Comparisons with previous studies have to be treated with caution because of the different sampling strategies used. However, an increase in the Shannon index and evenness over time was apparent, as was an increase in the number of races. The differences in Carchi in 2007 and 2009–2010 may be due to the fact that the present study survey included eight farms, whereas Tello (2008) collected all the samples from just one farm in the province and some races were much more frequent than others. The evenness values are close to 1 for all provinces, which was not the situation in 1990–1993, where in Carchi two races represented 40% of the isolates. For Chimborazo and Loja, the situation was similar, two races at each location representing 55 and 70% of the isolates sampled (Forbes et al., 1997).
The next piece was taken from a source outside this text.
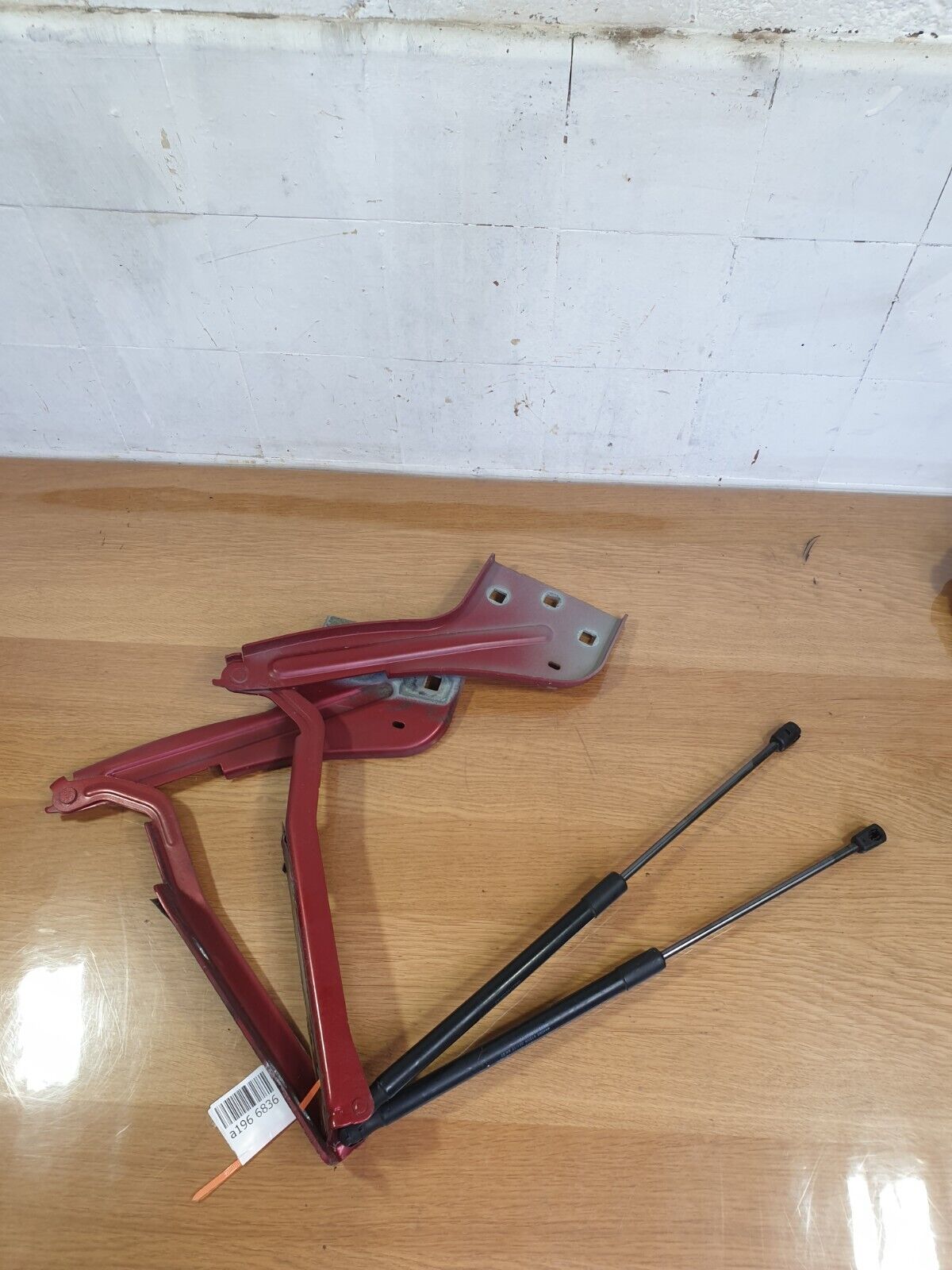 JAGUAR F-PACE X761 3.0 PETROL 2017 BONNET HINGE PAIR & GAS STRUTS HK8316C826AA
All P. infestans isolates from potato landraces grouped in a clade together with known EC-1 isolates, separate from US-1 and P. andina isolates (Fig. 1). There is currently some discussion as to whether P. andina should be considered a separate species or a hybrid. Although SSR markers are not particularly suitable for species identification, some of the alleles identified in P. andina are rare and have never been reported in P. infestans isolates. In addition, in P. andina there were four alleles at locus Pi4B and null alleles for locus Pi70 which have not been found for other P. infestans isolates (Y. Li & T. van der Lee, Plant Research International, Wageningen, The Netherlands, personal communication). This is not a typical pattern for a simple hybridization, but clearly distinguished P. andina isolates from P. infestans isolates.
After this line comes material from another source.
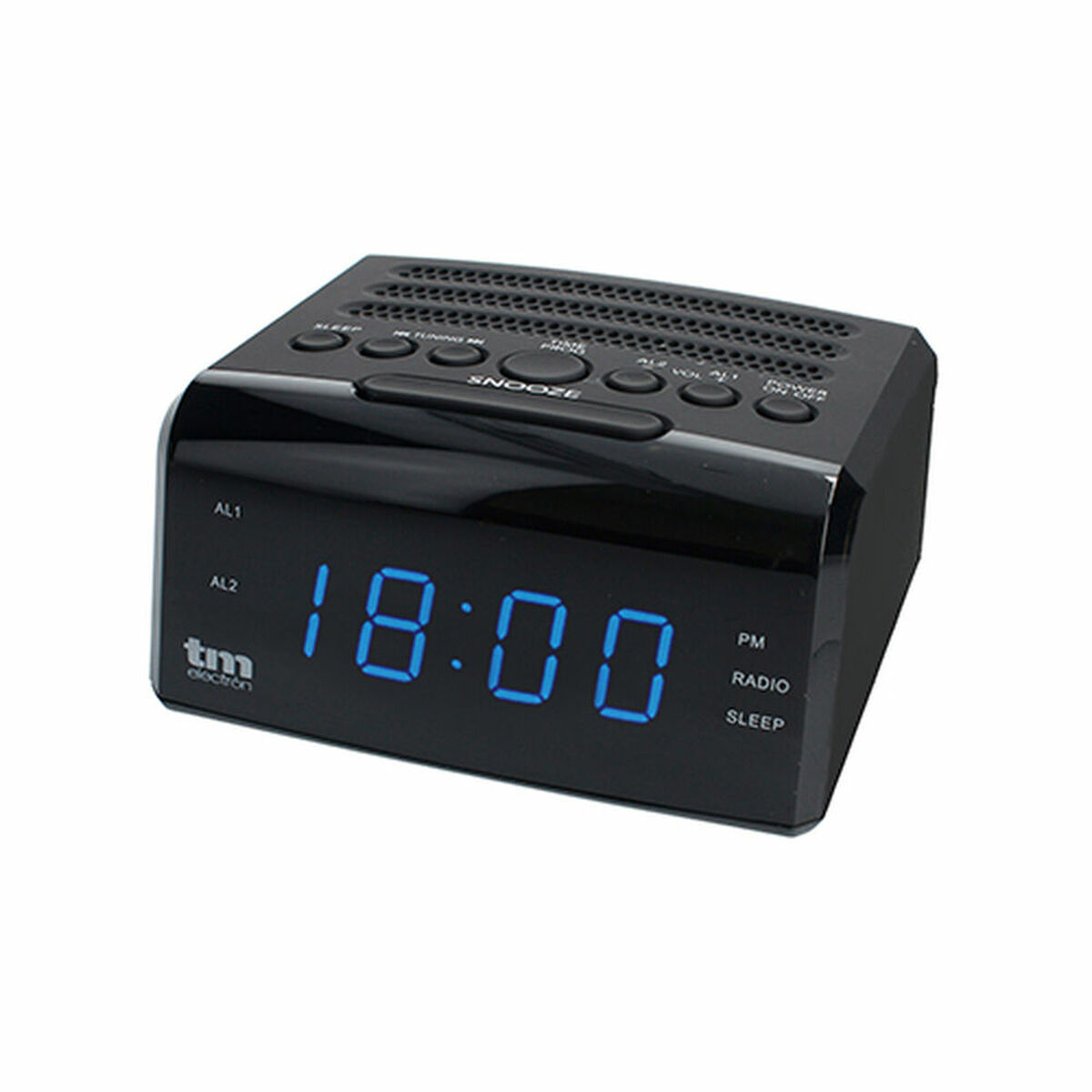 Reloj digital negro mostrando 18:00, con botones y una rejilla de altavoz. Está sobre una superficie blanca.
This study has identified genetic variation within the P. infestans clonal population in Ecuador. The high number of races and their complexity constitute a challenge for late blight management in the country. It is necessary to incorporate new R genes not belonging to the S. demissum group into the National Breeding Programme. Other sources of resistance (Wang et al., 2008; Jacobs et al., 2010; Lokossou et al., 2010) may be useful for potato breeding against P. infestans in Ecuador. However, one promising broad-spectrum resistance gene, Vnt1 (Pel, 2010) cannot be used because the avirulence gene triggering the defence response is not expressed in EC-1 genotypes.
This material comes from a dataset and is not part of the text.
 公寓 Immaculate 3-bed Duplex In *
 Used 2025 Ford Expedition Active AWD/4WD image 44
The authors thank the Netherlands Organization for International Cooperation in Higher Education (NUFFIC), the Secretaría Nacional de Educación Superior, Ciencia, Tecnología e Innovación (SENESCYT), Ecuador and the Instituto Nacional Autónomo de Investigaciones Agropecuárias (INIAP), Ecuador for financial support, and the International Potato Centre (CIP), Ecuador for sharing lab facilities and technical assistance. Dr Ronald van den Berg is also thanked for valuable discussions and producing the dendrogram. Two anonymous reviewers are thanked for their critical comments on an earlier version of the manuscript.